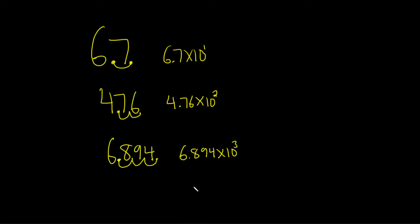Really nice stuff. So you just go left all the way until you have just one number left over here. And then you just count how many times you went. So here we went one time, so we have the 1. Here we went twice, so we have the 2. Here we did 3, so we have the 3. That's it.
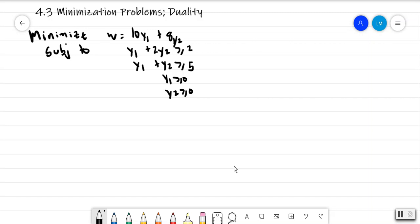Hello. In this section I'm going to look at minimization problems, otherwise known as the duality problem. So we have this problem where it says minimize w equals 10y1 plus 8y2, subject to y1 plus 2y2 is greater than or equal to 2, and y1 plus y2 is greater than or equal to 5, with the constraints that both y1 and y2 are non-negative.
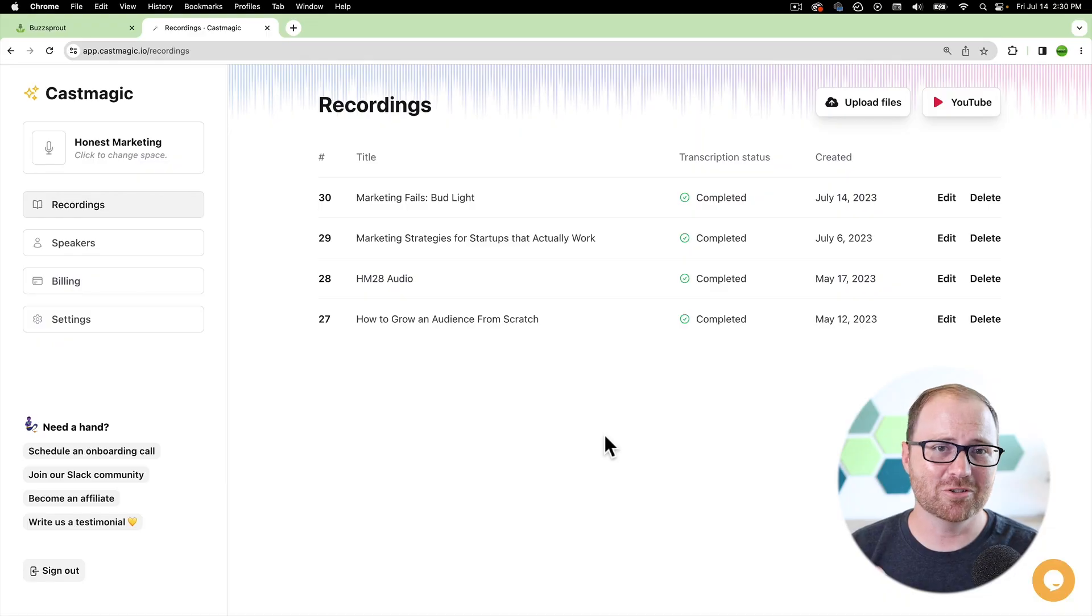So I want to walk you through what Cast Magic does, how you can use it for the things that you're going to need to put into Buzzsprout once you have your finished edited episode, and then talk about some things that Cast Magic does really well that I think set it apart from other AI-based show notes generators and transcript creators, and also why I prefer it over Buzzsprout's in-house product co-host.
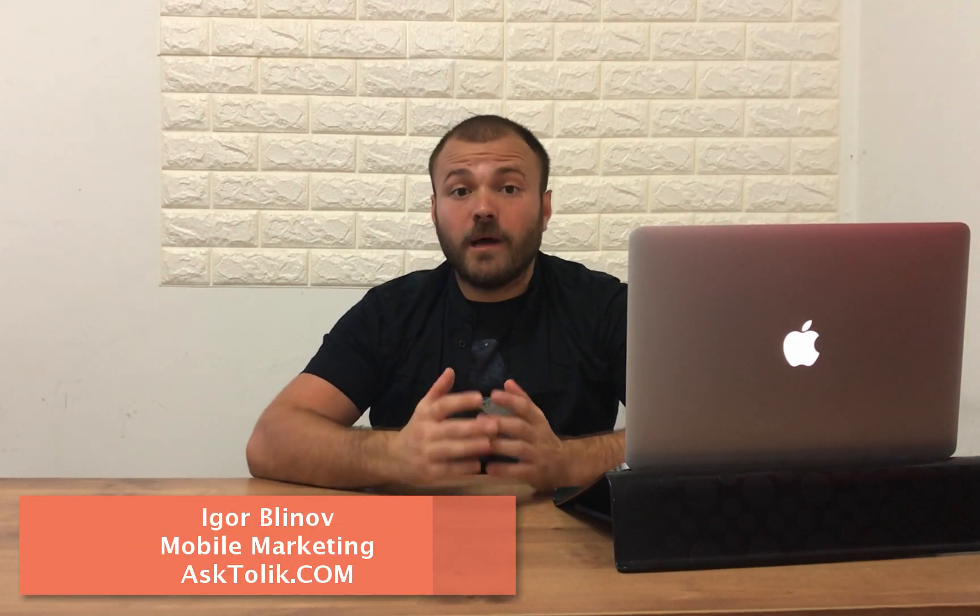Hello everyone, my name is Igor. I'm a Mobile Marketing Manager for AskTolik.com and today I'm going to talk to you about the latest Google Play feature, Google Play Tags.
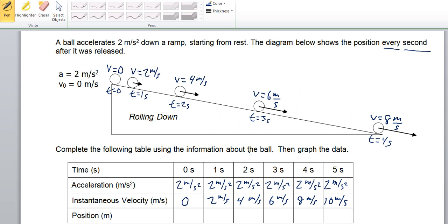How about the position? This is where it gets a little bit tricky. We know that displacement x equals average speed times the time traveling. The ball is starting at a position of 0. After 1 second, some students think they can just say 2 meters per second times 1 second equals 2 meters, but that's not true because it only reached 2 meters per second at the very end — it started at 0.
=====
#### What the task requires
The response should consist of the entries above, given again exactly and free of pictures.

#### Exercise response
Really nice stuff. So you just go left all the way until you have just one number left over here. And then you just count how many times you went. So here we went one time, so we have the 1. Here we went twice, so we have the 2. Here we did 3, so we have the 3. That's it.
Hello. In this section I'm going to look at minimization problems, otherwise known as the duality problem. So we have this problem where it says minimize w equals 10y1 plus 8y2, subject to y1 plus 2y2 is greater than or equal to 2, and y1 plus y2 is greater than or equal to 5, with the constraints that both y1 and y2 are non-negative.
So I want to walk you through what Cast Magic does, how you can use it for the things that you're going to need to put into Buzzsprout once you have your finished edited episode, and then talk about some things that Cast Magic does really well that I think set it apart from other AI-based show notes generators and transcript creators, and also why I prefer it over Buzzsprout's in-house product co-host.
Hello everyone, my name is Igor. I'm a Mobile Marketing Manager for AskTolik.com and today I'm going to talk to you about the latest Google Play feature, Google Play Tags.
How about the position? This is where it gets a little bit tricky. We know that displacement x equals average speed times the time traveling. The ball is starting at a position of 0. After 1 second, some students think they can just say 2 meters per second times 1 second equals 2 meters, but that's not true because it only reached 2 meters per second at the very end — it started at 0.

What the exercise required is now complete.